Rep. Kevin Yoder (R-Kan.) voiced his concerns about cuts to the National Institutes of Health. Congress approved a $2 billion increase for NIH in the 2017 omnibus.

“We spend $30 billion annually on medical research at the federal level, yet we’re facing by 2050 a $1.1 trillion price tag for Alzheimer’s alone,” Yoder said. “There’s 10,000 known diseases in the world, we have the cures to 500 of them. To me, Director Mulvaney, this is fiscal conservatism, this is saving lives, this is bending the cost curve on Medicare and Medicaid by curing things like Alzheimer’s and cancer.

Transparency and a higher debt ceiling

Rep. David Young (R-Iowa), pointed out that OMB was taking on a lot of new responsibilities when it comes to regulations and reform.

“It’s a priority of the administration to tackle the regulatory regime, it’s a priority of many members of Congress, it’s a priority of the American people. I hear about it all the time back home, particularly how those who are regulating us, they don’t know who they are; they’re nameless, they’re faceless,” Young said. “Transparency, I think, is a key that you should consider factoring in when it comes to reforming our regulatory process.”

Holding up the fiscal 2018 budget book, Young pointed to the list of 500 names who contributed to the document, and suggested implementing a mandate that those who write rules and regulations have to put their name on them. Young said he proposed a bill to do just that.

Mulvaney said he would be happy to look at the legislation.

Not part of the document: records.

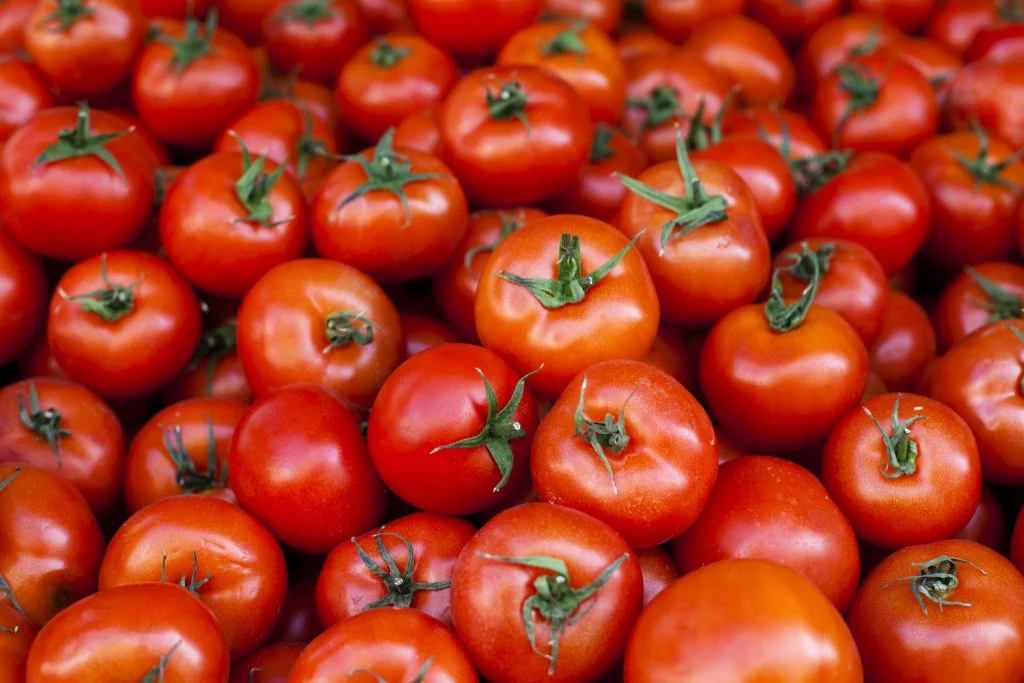 Declaran alerta fitosanitaria nacional por un virus en el tomate en Mar del Plata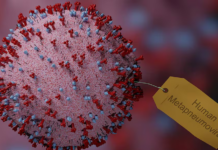 India Reports Its First HMPV Virus Case: What You Need to Know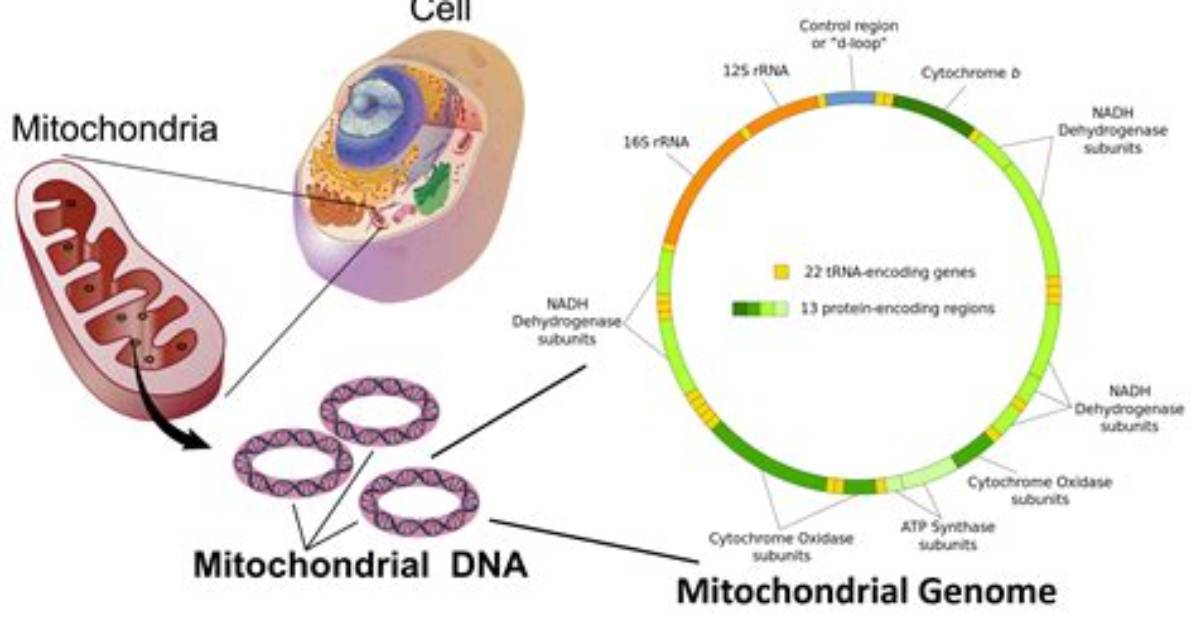 Do Genome Have Cells?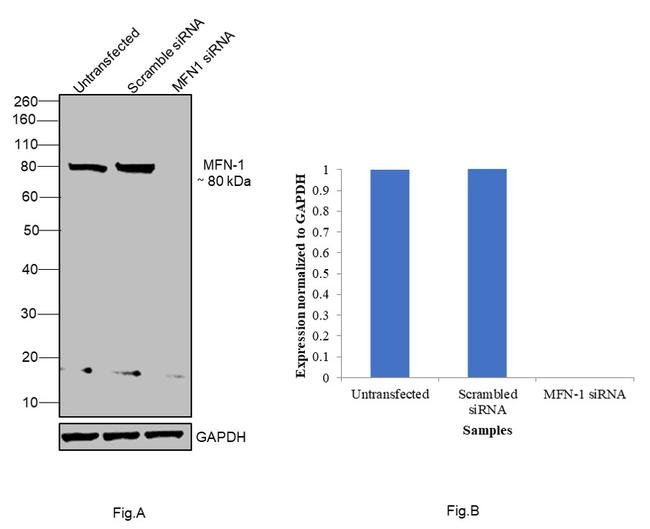 MFN1 Antibody in Western Blot (WB)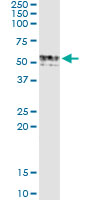 Immunoprecipitation of GIF transfected lysate using anti-GIF monoclonal antibody and Protein A Magnetic Bead, and immunoblotted with GIF rabbit polyclonal antibody.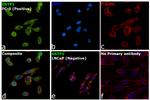 GSTP1 Antibody in Immunocytochemistry (ICC/IF)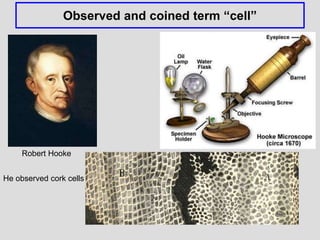 Observed and coined term “cell”
Robert Hooke
He observed cork cells
 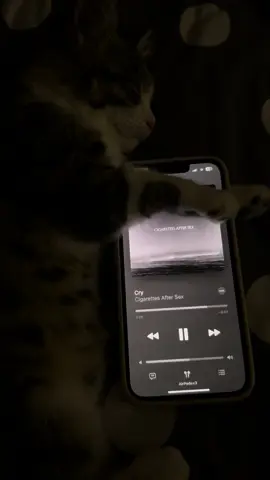 #viral #cat #music #ciggaretsafterwhat #cas #cry #foryoupage #foryoupageofficiall #tiktok #foryou 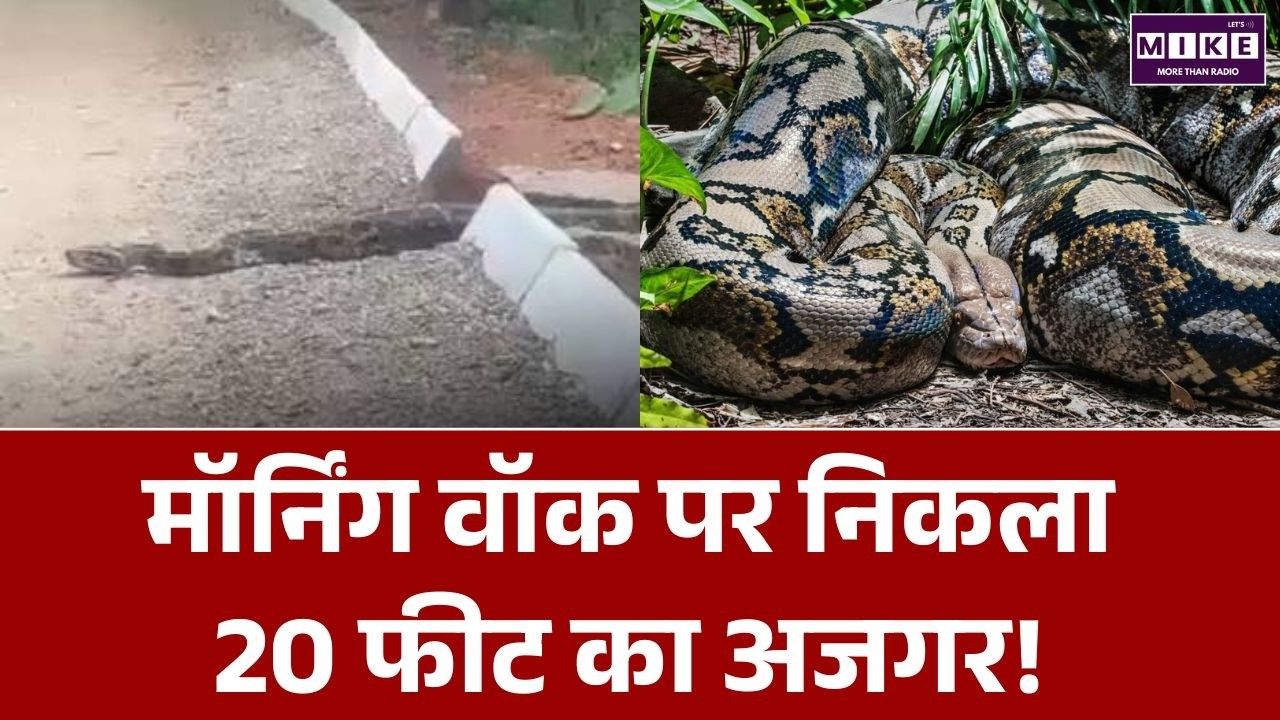 Hyderabad News: मॉर्निंग वॉक पर निकला 20 फीट का अजगर | KBR National Park Python Viral Video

The OMB director also addressed reports about conflicting views between himself and Treasury Secretary Steve Mnuchin on a “clean” bill to raise the debt ceiling.

The Associated Press reported that Mnuchin indicated he would like a bill to raise the debt ceiling that isn’t tied to spending reforms.

Mulvaney said that while he had voiced his preference for attaching spending reforms to the bill during an earlier hearing, when it comes down to it, both men want Congress to take up the idea of raising the ceiling before the August recess.